Merge dataframes where one value is between two others

junder873 · February 16, 2020, 11:32pm

This question is very close to this Stackoverflow question. The primary issue is merging two dataframes with a restriction based on date ranges. This is a common issue in financial data, in my case, stock returns.

The easiest way to do this is to simply join the dataframes and then filter:

df = join(df1, df2, on=:id, kind=:left)
df = df[df[:, :dateStart] .<= df[:, :date] .<= df[:, :dateEnd], :]

While this works fine for small datasets, stock return data tends to be large. In my case, I am trying to merge a dataframe with 20 million rows to a dataframe with 80 thousand rows, which takes up huge amounts of RAM. So, my initial question would be is there an easier way to do this in Julia?

I tried the Query.jl package, but it seems to join first and filter second similar to my initial code.

Another option, as suggested by the Stackoverflow answer, is to use SQLite. So, using SQLite.jl, I tried to run the code. It works but for some reason the filtering is not correct. I tried to replicate this with simpler data, but could not, so I don’t know why it doesn’t work. I uploaded the CSV data here: data. The code I am using is:

df1 = CSV.read("df1.csv")
df2 = CSV.read("df2.csv")
db = SQLite.DB();
SQLite.load!(df1, db, "df1")
SQLite.load!(df2, db, "df2")
sqlcode = """
select df1.permno, df1.dateStart, df1.dateEnd, df2.retDate
from df1
left join df2 on df1.permno=df2.permno
where df1.dateStart <= df2.retDate and df1.dateEnd >= df2.retDate"""
dfOut = SQLite.Query(db, sqlcode) |> DataFrame

Each observation in df1 is a firm (permno) with a date range, which is 5 business days long. The other dataframe, df2, would include the observations (retDate). Joining the two should result in 50 observations, but results in 605. When doing a similar code in python I get the correct 50 results:

df1 = pd.read_csv('df1.csv')
df2 = pd.read_csv('df2.csv')
conn = sqlite3.connect(':memory:')
df1.to_sql('df1', conn, index=False)
df2.to_sql('df2', conn, index=False)
sqlcode = """
select df1.permno, df1.dateStart, df1.dateEnd, df2.retDate
from df1
left join df2 on df1.permno=df2.permno
where df1.dateStart <= df2.retDate and df1.dateEnd >= df2.retDate"""
dfOut = pd.read_sql_query(sqlcode, conn)

Any advice on what I am doing wrong or what Julia is doing differently?

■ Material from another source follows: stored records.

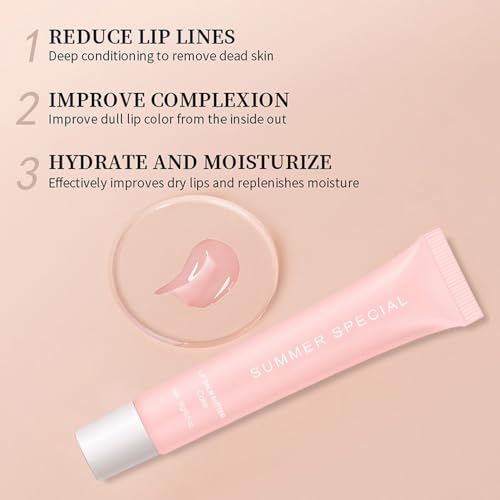 4 PCS Summer Special Lip Butter Balm – Ultra-Hydrating Lip Care with Shea Butter & Olive Oil, Soothes Dry Lips with Natural Tint & Gloss Effect, Lip Plumper Moisture & Light Lip Stain Finish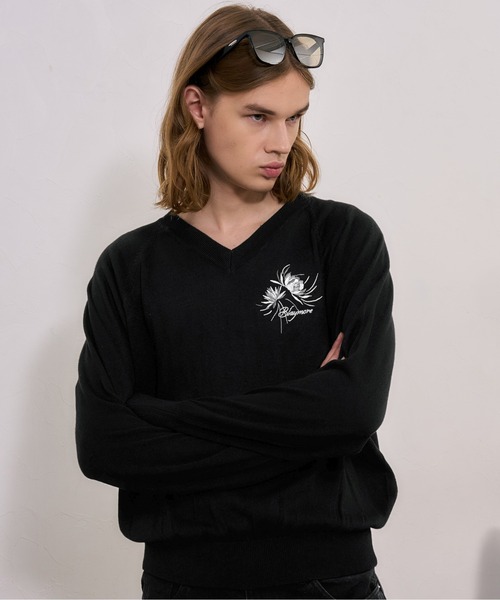 BLAYMORE(ブレイモア)の「【BLAYMORE】Waterlily V-neck Knit / 睡蓮刺繍 サムホール(ニット/セーター・メンズ・ブラック/ピンク・M/S)」の16枚目の写真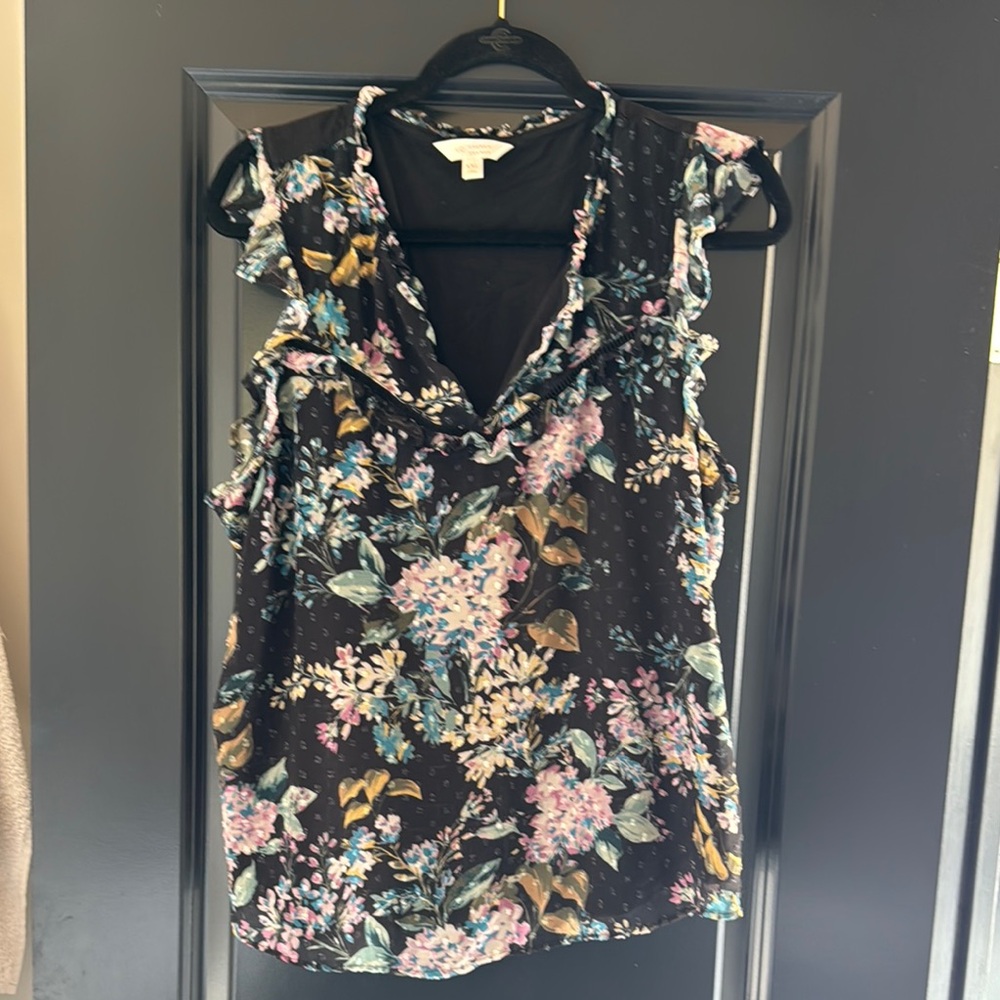 Floral Ruffle Trim Black Top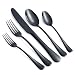 20-Piece Flatware Silverware Set Service for 4 Stainless Steel Cutlery Include Knife Fork Spoon Dishwasher Safe (Black)
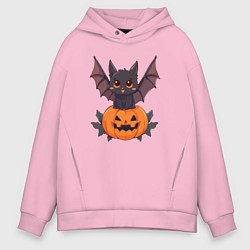 Толстовка оверсайз мужская Летучая мышь на тыкве, цвет: светло-розовый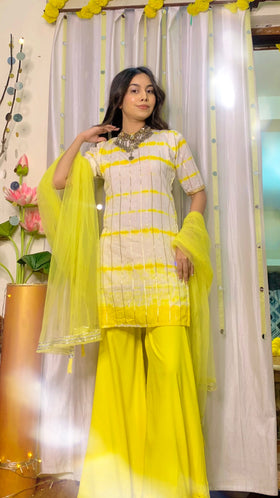 Shibori Tie-Dye Sharara set
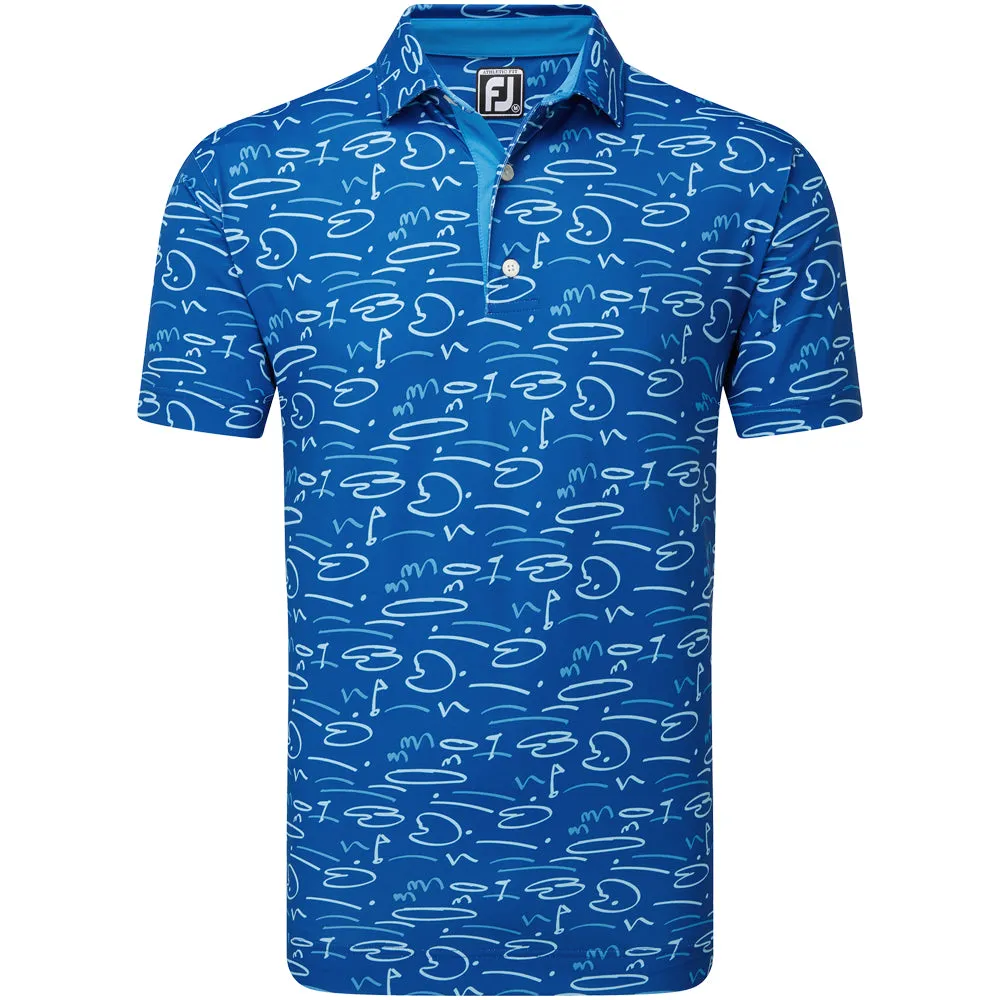 Economical Footjoy Golf Course Doodle Print Polo Shirt - Deep Blue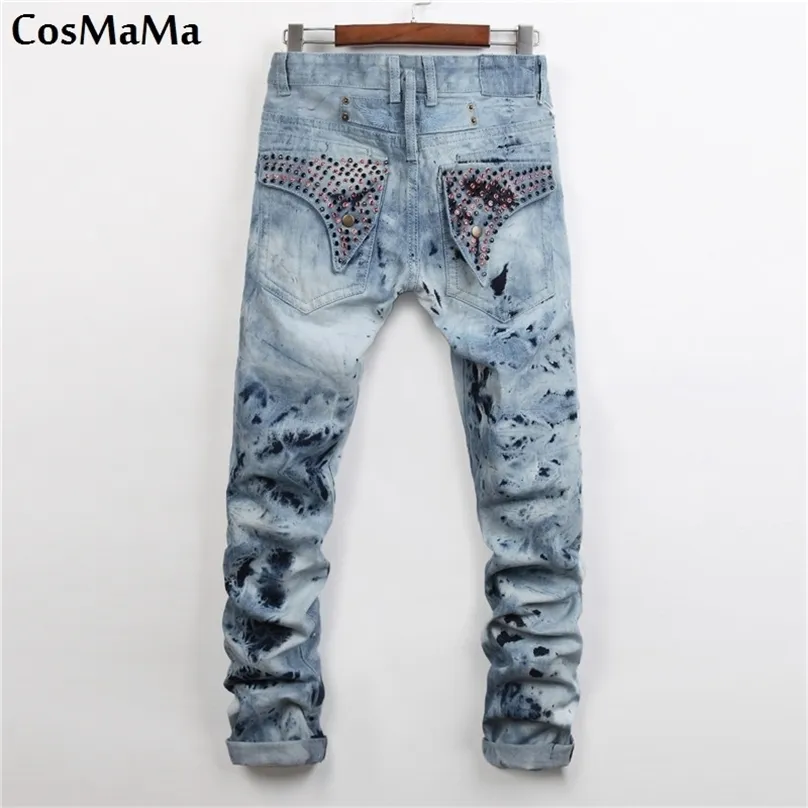 Arrival Cosmama Brand Factory Designer Slim Skinny Fit American Flag Biker Moda Dżinsy dla mężczyzn 211111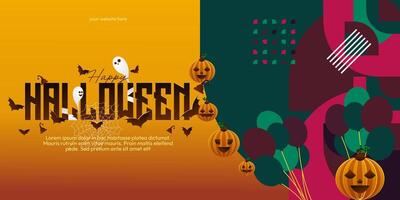 contento Halloween sfondo nel geometrico stile. contento Halloween copertina con zucche, ragno ragnatele e tipografia. adatto per manifesti, saluto carte e festa inviti per Halloween celebrazioni vettore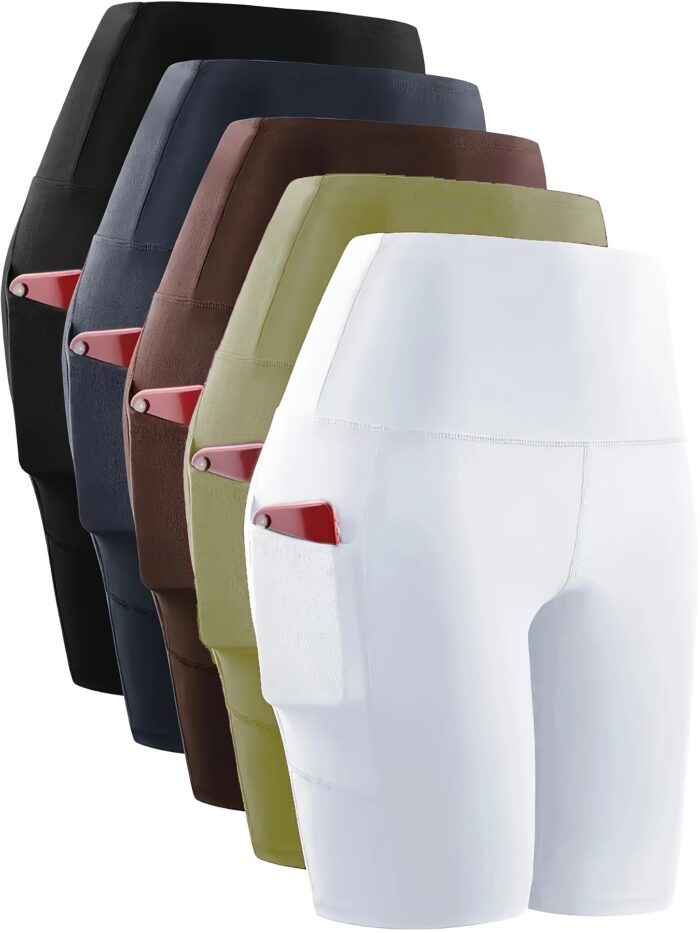 5pcs High-Waisted Workout Shorts – 6" Length, Pocketed, Soft Tummy Control for Yoga & Running - Image 4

tk3369 · February 17, 2020, 6:17am

Not sure why sqlite doesn’t work properly. Are you sure doing it in Julia isn’t good enough? Here’s a naive solution:

julia> function myjoin(row, df2)
           res = filter(df2) do r
               r.permno == row.permno && 
               r.retDate >= row.dateStart &&
               r.retDate <= row.dateEnd
           end
           dfrow = DataFrame(row)
           left = reduce(vcat, (dfrow for i in eachindex(res[!,1])))
           right = res[!, 2:end]
           hcat(left, right)
       end

julia> reduce(vcat, (myjoin(r, df2) for r in eachrow(df1)))
50×4 DataFrame
│ Row │ permno  │ dateStart  │ dateEnd    │ retDate    │
│     │ Float64 │ Dates.Date │ Dates.Date │ Dates.Date │
├─────┼─────────┼────────────┼────────────┼────────────┤
│ 1   │ 10001.0 │ 2010-11-12 │ 2010-11-18 │ 2010-11-12 │
│ 2   │ 10001.0 │ 2010-11-12 │ 2010-11-18 │ 2010-11-15 │
│ 3   │ 10001.0 │ 2010-11-12 │ 2010-11-18 │ 2010-11-16 │
⋮
│ 48  │ 10001.0 │ 2016-05-13 │ 2016-05-19 │ 2016-05-17 │
│ 49  │ 10001.0 │ 2016-05-13 │ 2016-05-19 │ 2016-05-18 │
│ 50  │ 10001.0 │ 2016-05-13 │ 2016-05-19 │ 2016-05-19 │

As the join column isn’t indexed, if df2 is large then it would not be very performant. Perhaps try IndexedTables or create your own Dict lookup to speed things up.

Skoffer · February 17, 2020, 7:27am

Your query is not quite correct, with this where clause, left join is effectively inner join. It is possible that there is a bug in sqlite which process this case incorrectly, so it would be more correct to set inner join from the start.

bkamins · February 17, 2020, 8:57am

As a reference - soon (hopefully) DataFrames.jl will provide fast indexing via groupby, see Speed up key lookup in GroupedDataFrame · Issue #2095 · JuliaData/DataFrames.jl · GitHub.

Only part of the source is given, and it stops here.